[Scraped caption text data]
+ + + + +

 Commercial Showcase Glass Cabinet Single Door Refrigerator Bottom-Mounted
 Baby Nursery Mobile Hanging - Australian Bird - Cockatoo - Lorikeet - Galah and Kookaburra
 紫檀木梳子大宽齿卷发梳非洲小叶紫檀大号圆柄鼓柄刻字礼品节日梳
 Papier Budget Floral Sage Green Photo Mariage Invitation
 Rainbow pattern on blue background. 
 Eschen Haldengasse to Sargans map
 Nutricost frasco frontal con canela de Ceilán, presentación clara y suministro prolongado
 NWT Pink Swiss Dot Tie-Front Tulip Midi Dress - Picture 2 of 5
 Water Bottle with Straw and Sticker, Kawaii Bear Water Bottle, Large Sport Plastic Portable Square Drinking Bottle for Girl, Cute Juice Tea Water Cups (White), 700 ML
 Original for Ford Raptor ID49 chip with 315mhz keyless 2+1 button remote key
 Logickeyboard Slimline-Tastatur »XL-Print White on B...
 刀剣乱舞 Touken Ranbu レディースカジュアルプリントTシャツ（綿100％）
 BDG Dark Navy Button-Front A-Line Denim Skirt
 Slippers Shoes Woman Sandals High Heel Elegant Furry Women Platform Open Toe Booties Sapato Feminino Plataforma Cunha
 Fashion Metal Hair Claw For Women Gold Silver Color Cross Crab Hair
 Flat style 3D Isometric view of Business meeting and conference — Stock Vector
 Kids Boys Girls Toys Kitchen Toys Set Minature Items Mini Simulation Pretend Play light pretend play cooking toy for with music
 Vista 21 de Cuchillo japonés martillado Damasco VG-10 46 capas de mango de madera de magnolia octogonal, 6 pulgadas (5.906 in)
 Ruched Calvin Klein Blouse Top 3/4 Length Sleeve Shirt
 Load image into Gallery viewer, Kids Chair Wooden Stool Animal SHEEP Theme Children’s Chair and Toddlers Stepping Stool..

+ + + + +

▸ **TASK DETAILS**
Only the lines above starting with the one with "Baby Nursery Mobile" and going through the one with "Eschen Haldengasse to Sargans map" are to be copied, word for word and with both ends kept.

▸ **EXPECTED ANSWER**
 Baby Nursery Mobile Hanging - Australian Bird - Cockatoo - Lorikeet - Galah and Kookaburra
 紫檀木梳子大宽齿卷发梳非洲小叶紫檀大号圆柄鼓柄刻字礼品节日梳
 Papier Budget Floral Sage Green Photo Mariage Invitation
 Rainbow pattern on blue background. 
 Eschen Haldengasse to Sargans map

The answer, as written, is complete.